Moraga officials voted this week to place a one-cent sales tax measure on the November ballot. Proceeds, they said, would be used to maintain and repair roads the Metropolitan Transportation Commission has ranked "at risk."
If approved, the tax would generate $1 million annually for the town's general fund and would address most of Moraga's street and road repair needs, officials said. The town has a $25 million backlog of road and storm drain repairs and an annual budget of about $6 million, $500,000 of which is dedicated to street maintenance. Town leaders estimate that it would require the elimination of all other services for four years in order to begin tackling the needed maintenance and repairs.

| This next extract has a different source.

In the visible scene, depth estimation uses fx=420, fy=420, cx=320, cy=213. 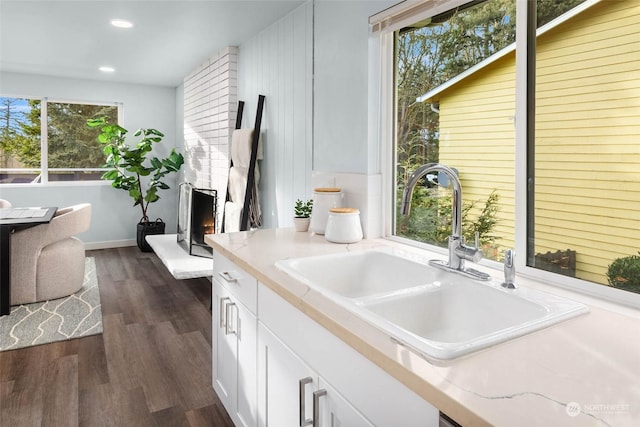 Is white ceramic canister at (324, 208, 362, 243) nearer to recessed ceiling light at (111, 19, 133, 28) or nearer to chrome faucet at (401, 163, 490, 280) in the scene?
chrome faucet at (401, 163, 490, 280)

State takeaways of nearly $5 million since the early 1990s have also put a dent in Moraga's ability to pay for road repairs, leaders explained. Mayor Mike Metcalf said the town could not count on federal or state money to fix infrastructure problems and explained that it must be done locally. "It's up to us," he said.
Consultant Jennifer Rindahl told the council that revenue generated from the general tax is local and that the state would not be able to access that money. "These are funds you get to keep no matter what," she said.

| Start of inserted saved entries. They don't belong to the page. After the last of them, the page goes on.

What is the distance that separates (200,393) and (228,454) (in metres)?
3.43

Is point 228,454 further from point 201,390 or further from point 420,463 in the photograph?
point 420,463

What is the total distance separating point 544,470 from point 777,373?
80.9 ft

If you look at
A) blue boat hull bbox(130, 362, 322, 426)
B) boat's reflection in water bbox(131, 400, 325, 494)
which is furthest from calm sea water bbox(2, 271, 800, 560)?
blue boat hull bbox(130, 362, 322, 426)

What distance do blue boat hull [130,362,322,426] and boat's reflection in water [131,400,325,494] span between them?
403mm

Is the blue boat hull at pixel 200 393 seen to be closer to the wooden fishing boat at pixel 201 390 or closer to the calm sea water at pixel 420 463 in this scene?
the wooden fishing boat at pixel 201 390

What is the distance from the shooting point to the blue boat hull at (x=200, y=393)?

Rindahl also stressed that food, prescription
Residents and business owners spoke in support of the measure, saying that not repairing the roads would be a serious detriment to the local economy. Some said the sales tax could give residents incentive to shop locally in order to fix the problem.

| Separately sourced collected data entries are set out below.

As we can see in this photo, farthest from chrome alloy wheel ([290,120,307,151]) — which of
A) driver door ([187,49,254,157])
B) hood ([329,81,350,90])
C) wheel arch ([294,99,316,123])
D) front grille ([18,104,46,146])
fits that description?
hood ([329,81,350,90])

Most agreed that if the council placed the measure on the ballot, the next step would be to educate residents about the importance of passing it.
The tax needs simple majority approval to pass, and would expire in 20 years. Should voters reject the measure, Town Manager Jill Keimach said the town will continue to go after as many state and federal dollars as possible, but cautioned that the roads would continue to degenerate.
"I expect our roads to continue to decline at the same rate they have previously, but as they fall into greater disrepair, they will deteriorate faster," she said. "In 10 years, if we continue spending what we've been spending, 75 percent of all roads in Moraga will be in very poor condition -- which will likely impact the general fund."